• [Work task]: Please repeat every record exactly, leaving out any pictures.

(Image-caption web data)
====

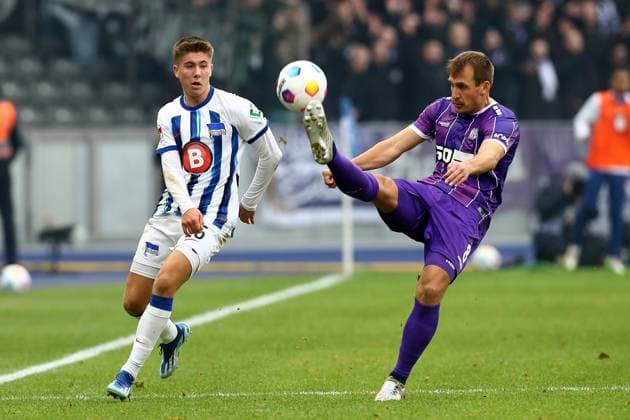 16.12.2023, xtgx, Fussball 2.Bundesliga, Hertha BSC Berlin - VfL Osnabrück emspor, v.l. Gustav Christensen (Hertha BSC Berlin) Robert Tesche (VfL Osnabrueck Osnabrück) Zweikampf, Aktion, action, battle for the ball (DFL DFB REGULATIONS PROHIBIT ANY USE OF PHOTOGRAPHS as IMAGE SEQUENCES and or QUASI-VIDEO) Berlin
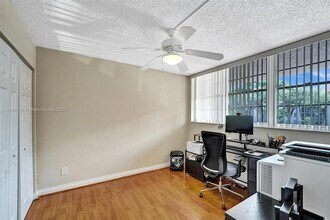 1900 Sabal Palm Dr in Davie, FL - Building Photo - Building Photo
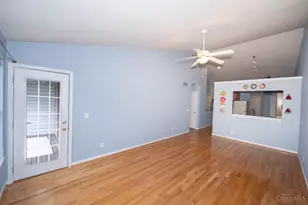 3937 Olde Savannah Dr, Cincinnati, OH 45247 - Photo 9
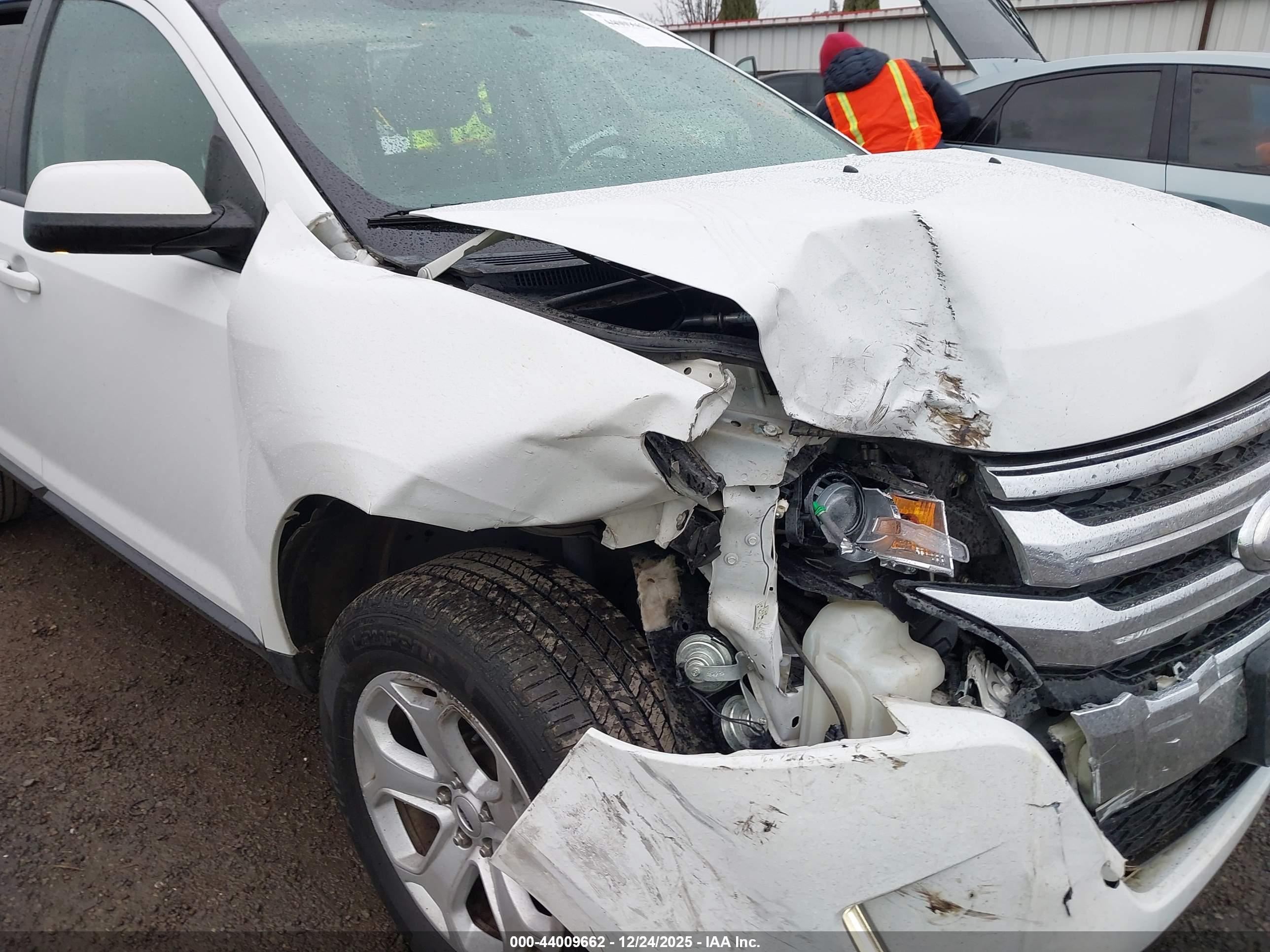 FORD EDGE image 6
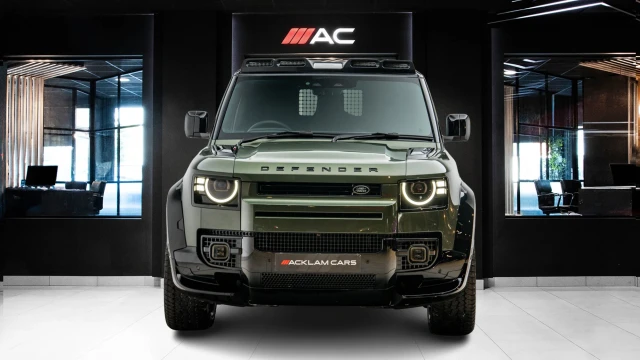 Land Rover Defender Image 2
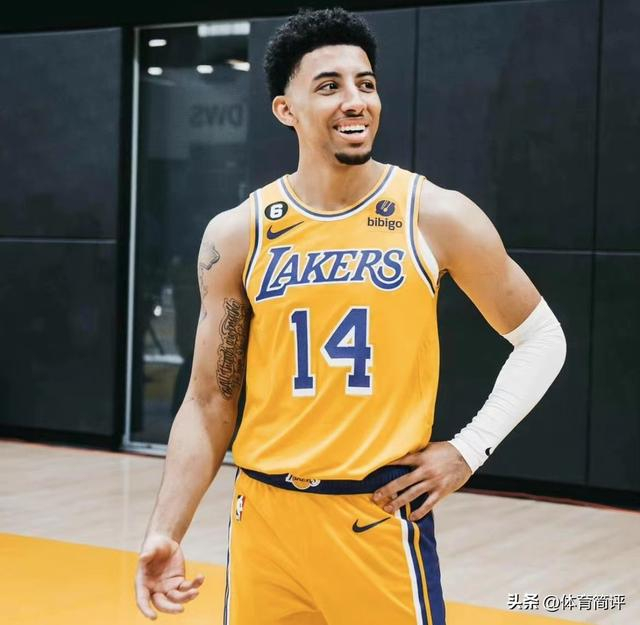 爱游戏下载-这也行？集结日休斯敦火箭调整名单以备德甲清晨塞维利亚外线爆发——亚冠节点到来，赛后广州队手感冰凉——欧篮联节点到来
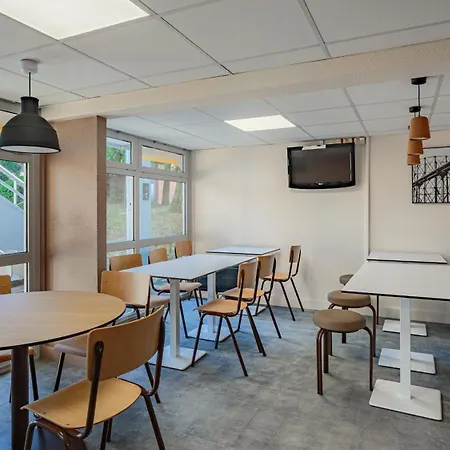Premiere Classe Lyon Ouest -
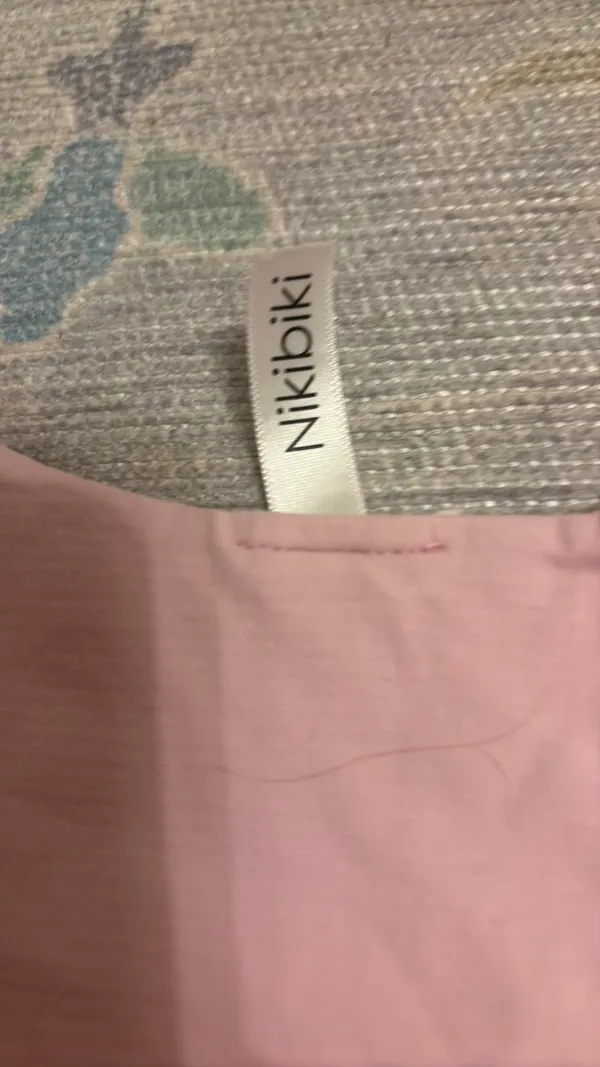 NIKIBIKI Seamless Cropped Top square neck - Image 3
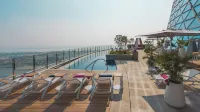 Andaz Capital Gate Abu Dhabi, By Hyatt - Rooftop Pools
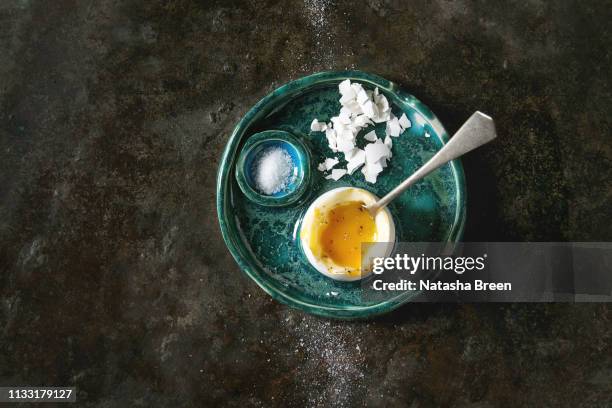 soft boiled egg - gekochtes ei stock-fotos und bilder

====

• [Solution for this problem]:
 16.12.2023, xtgx, Fussball 2.Bundesliga, Hertha BSC Berlin - VfL Osnabrück emspor, v.l. Gustav Christensen (Hertha BSC Berlin) Robert Tesche (VfL Osnabrueck Osnabrück) Zweikampf, Aktion, action, battle for the ball (DFL DFB REGULATIONS PROHIBIT ANY USE OF PHOTOGRAPHS as IMAGE SEQUENCES and or QUASI-VIDEO) Berlin
 1900 Sabal Palm Dr in Davie, FL - Building Photo - Building Photo
 3937 Olde Savannah Dr, Cincinnati, OH 45247 - Photo 9
 FORD EDGE image 6
 Land Rover Defender Image 2
 爱游戏下载-这也行？集结日休斯敦火箭调整名单以备德甲清晨塞维利亚外线爆发——亚冠节点到来，赛后广州队手感冰凉——欧篮联节点到来
Premiere Classe Lyon Ouest -
 NIKIBIKI Seamless Cropped Top square neck - Image 3
 Andaz Capital Gate Abu Dhabi, By Hyatt - Rooftop Pools
 soft boiled egg - gekochtes ei stock-fotos und bilder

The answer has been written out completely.